I don’t think getting sections of government away from the seat of power has any beneficial effects in the long run. Two cases in point: Springfield, Illinois, and Constantinople. In both cases functions of government were moved away from the old seat of power, yet the corruption continued apace. On the other hand, keeping them all in one place gives us something to hate in an objective manner. When the revolution comes we all know where to go.

Al from da Nort
Al from da Nort
Reply to  Teapartydoc
7 years ago

Teaparttydoc;
Not to get all OCD on you, but Springfield IL as the state capital was an 1830’s political compromise location somewhat midway between the established banking center at that time – 1830’s – of Shawneetown lL with Ohio River Basin logistical advantages, and the upstart primitive trading post of Ft Dearborn (aka Chicago) with potential Great Lakes basin logistical advantages.

As many another military oriented commenter has already said: Amateurs pay attention to tactics, pros pay attention to logistics

Teapartydoc
Member
Reply to  Al from da Nort
7 years ago

You just made my point. The capitol was not located at the center of power even then. So locating the political organs away from the centers of power makes no difference.

Noid
Noid
7 years ago

1) If memory serves, DC went 127% for Clinton. Is this just another strategem to drop great gobs of reliable D-voters in places where they can overwhelm native voting patterns?

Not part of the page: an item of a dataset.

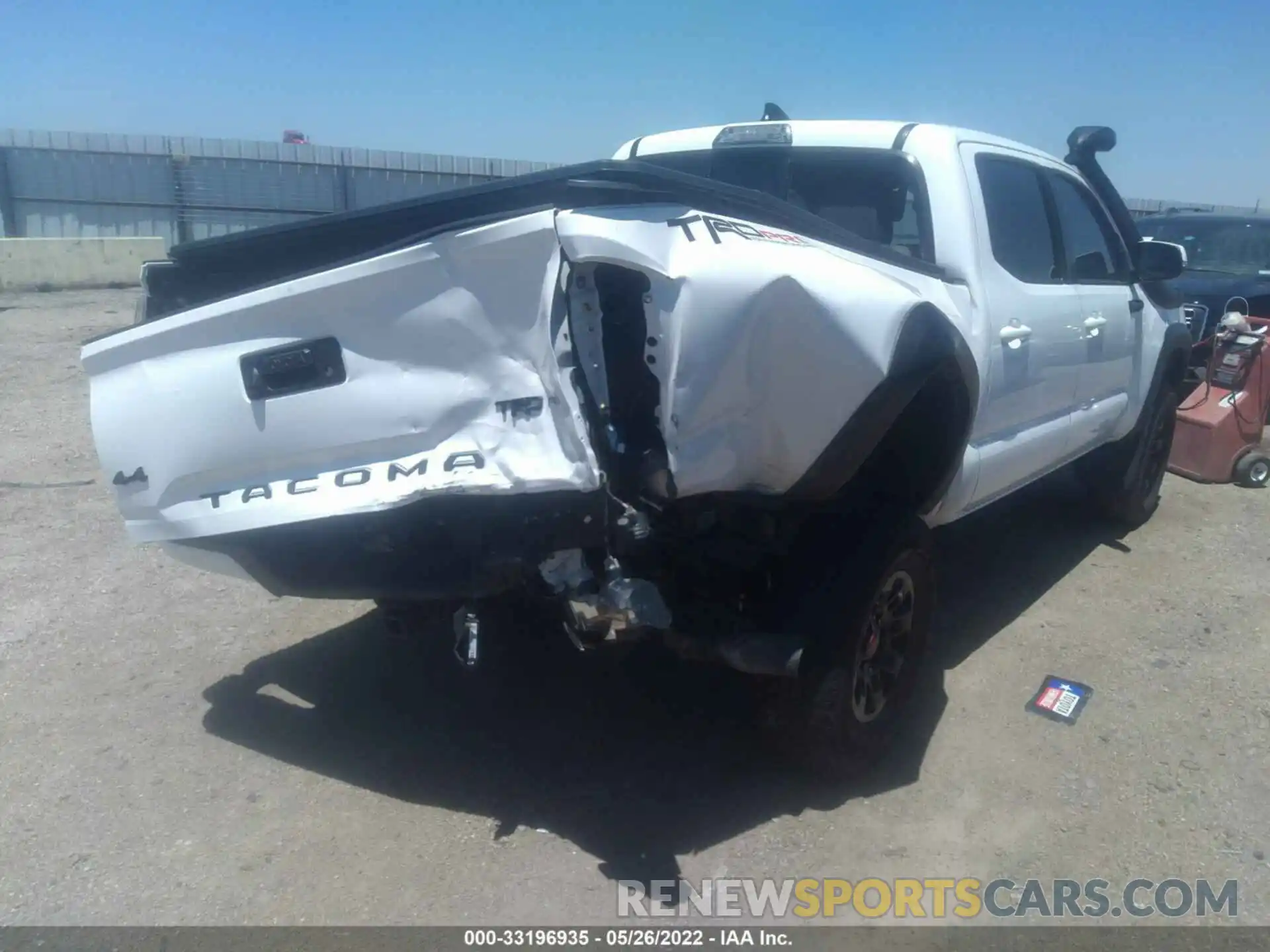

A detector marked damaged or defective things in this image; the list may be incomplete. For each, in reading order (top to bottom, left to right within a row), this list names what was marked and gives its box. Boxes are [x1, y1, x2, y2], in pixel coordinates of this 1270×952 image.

damaged rear quarter panel [556, 206, 945, 495]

2) Nuke the entire site from orbit. It’s the only way to be sure. https://www.youtube.com/watch?v=aCbfMkh940Q

Dick Stanley
7 years ago

You poor bastard, what an awful place to live. (I grew up in northern Virginia but got out soon as I could). What do you know, a sensible idea from the Dims. But it’s too logical to be implemented.

Chuckie
Chuckie
7 years ago

“I was at one of the well known choke points that is just about impossible to avoid” Reminds me of the Springfield area; was it? Haven’t been there since 2002 but grew up in DC metropolitan area, most of the time in Alexandria. I went to high school not too far away from Springfield, VA, and even then traffic was always a nightmare in the Springfield area. At that time, there were little houses with big grassy yards with trees and honeysuckle bushes, some with a goat or pony even, on the perimeter of my high school’s property. The “campus”… Read more »

Irwin Mainway
Irwin Mainway
7 years ago

Govt service should be like serving in the military.

Make feds & legislators move to a different city every few years.

Pay should be tied to military pay scales.

Every other year legislatures are moved aboard an aircraft carrier on extended deployments.

See how many DC barnacles manage to cling beyond one week at sea.